Add `ops.nn.moments` and speed-up normalization layers

james77777778 commented 12 months ago

EDITED: This PR adds ops.nn.moments and improves some normalization layers by fast mean and variance computation. This PR also addresses the overflow & underflow issue when the input tensor is float16.

There are two approaches to compute variance:

$Var = E[|x - E[x]|^2])$ (stable but slower)
$Var = E[|x|^2] - |E[x]|^2$ (fast but unstable)
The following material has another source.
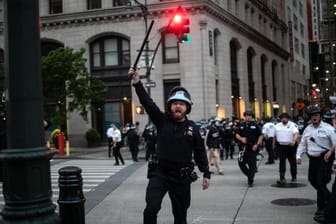Demonstrationen in New York: Die Stadt hat ihre Ausgangssperre bis Sonntag verlängert.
backend	layer	manual implementation (before this PR)	`ops.nn.moments` (fast but unstable, this PR)	`ops.nn.moments` (stable but slower)
tensorflow	BatchNormalization	58ms	58ms	69ms
jax	BatchNormalization	63ms	63ms	75ms
torch	BatchNormalization	73ms	72ms	74ms
tensorflow	GroupNormalization	89ms	61ms	73ms
jax	GroupNormalization	96ms	72ms	83ms
torch	GroupNormalization	72ms	74ms	76ms
tensorflow	LayerNormalization	52ms	47ms	48ms
jax	LayerNormalization	68ms	59ms	60ms
torch	LayerNormalization	88ms	90ms	91ms

References:

tensorflow: tf.nn.moments using stable but slower version (link)
flax: defaults to use_fast_variance (link)
torch: should be stable but slower version (link)

codecov[bot] commented 12 months ago

Codecov Report

Patch coverage: 98.94% and project coverage change: +0.06% :tada:

Comparison is base (bb21710) 76.49% compared to head (8f06862) 76.56%.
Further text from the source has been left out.